Under the agreement between Dhaka and Nay Pyi Taw, 485 Rohingya families – a total of 2,260 people – are to be returned to Myanmar starting by the middle of this month. Myanmar has said that it will process 150 returnees per day.
Speaking to The Nation by phone, Siyeed Alam, chairman of Rohingya Association in Thailand, said many so-called verified Rohingya did not want to return to strife-torn Rakhine state as authorities have given them no guarantee of safety. “Many of them are now hiding in the jungle as officials are forcing them to return to their homes in Myanmar,” he said. “The repatriation is unlikely to happen on |schedule.” Reports on the repatriation were confused yesterday. Trucks and buses were seen preparing to load the refugees. But as some refugees resisted, only those willingly to go back to Myanmar will be repatriated through land at Ghumdhum point of Bandarban, journalists were told by Mohammad Abul Kalam, Rehabilitation and Relief Commissioner, at a press briefing in Cox’s Bazar in Bangladesh yesterday morning.
Rather than just simply pouring support behind the Myanmar government over the repatriation, Asean observers should go there to see what happens next, Rohingya leader Siyeed said. More than 700,000 people have been taking refuge in Bangladesh since August last year when a militant attack on security posts in Rakhine state prompted a disproportionate military “clearance operation”.
The violence killed thousands of people, including a huge number who were victims of atrocities, including massacres, rapes and arson. The United Nations investigations indicated that genocide took place and called for the case to be referred to the International Criminal Court.
Leaders of Asean and partners reportedly used strong language in addressing the issue in meetings and conversations with Suu Kyi. Malaysian Prime Minister Mahathir Mohamad said Suu Kyi attempted to defend what is indefensible.

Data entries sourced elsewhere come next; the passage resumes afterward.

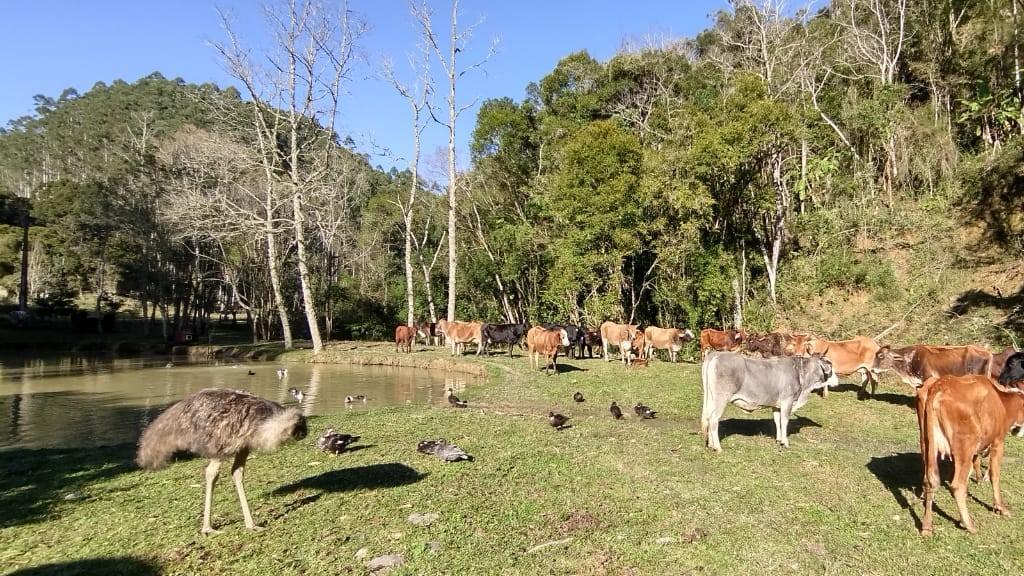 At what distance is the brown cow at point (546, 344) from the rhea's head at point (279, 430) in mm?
11722

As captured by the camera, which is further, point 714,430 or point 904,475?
point 714,430

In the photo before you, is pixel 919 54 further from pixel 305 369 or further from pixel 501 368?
pixel 305 369

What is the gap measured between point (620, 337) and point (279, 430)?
14.9 m

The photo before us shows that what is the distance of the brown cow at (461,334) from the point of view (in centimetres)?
2327

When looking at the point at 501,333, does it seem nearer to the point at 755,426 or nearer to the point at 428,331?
the point at 428,331

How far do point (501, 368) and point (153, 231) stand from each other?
79.4 feet

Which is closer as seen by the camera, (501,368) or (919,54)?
(501,368)

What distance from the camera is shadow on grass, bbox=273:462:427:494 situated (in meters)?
6.86

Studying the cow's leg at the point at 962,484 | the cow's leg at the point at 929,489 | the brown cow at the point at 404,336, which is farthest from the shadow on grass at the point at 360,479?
the brown cow at the point at 404,336

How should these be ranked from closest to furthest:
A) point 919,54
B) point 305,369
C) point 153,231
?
point 305,369
point 919,54
point 153,231

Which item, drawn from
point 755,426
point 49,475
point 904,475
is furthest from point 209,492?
point 755,426

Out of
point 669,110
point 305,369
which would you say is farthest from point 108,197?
point 669,110

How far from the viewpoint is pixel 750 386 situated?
8.66m

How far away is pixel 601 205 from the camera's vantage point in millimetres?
20922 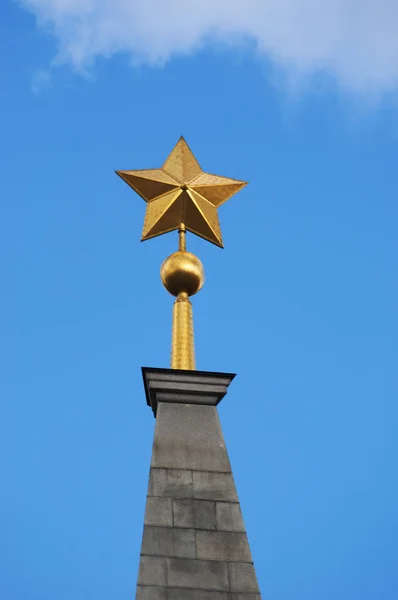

“I did mention the situation in Rakhine state. We urge efforts should be made to correct the wrongdoings,” he told Malaysian media on the sidelines of the summit.
Asean leaders in their statement said they wanted to see full implementation of a memorandum of understanding signed among Myanmar, the UN High Commission for Refugees and UN Development Programme to facilitate the repatriation process. Rohingya representatives should be invited to participate in examining and monitoring the repatriation process, said Thai Rohingya leader Siyeed.
Leaders of Asean and partners from Asia Pacific also yesterday discussed various regional and global issues, including the contentious South China Sea and creation of the world’s largest free-trade area better known as the China-centred Regional Comprehensive Economic Partnership. There was no major breakthrough on the two issues, leaving the task for Thailand as the next chair to carry on.
Singapore's Prime Minister Lee Hsien Loong applauds as Thai Prime Minister Prayut Chan-O-Cha holds up the gavel during the closing ceremony of the 33rd Association of Southeast Asian Nations (ASEAN) summit in Singapore on November 15, 2018. AFP PHOTO
Prime Minister Prayut Chan-o-cha said during the chairmanship handover ceremony that Thailand would steer Asean with the theme “advancing partnership for sustainability” in 2019.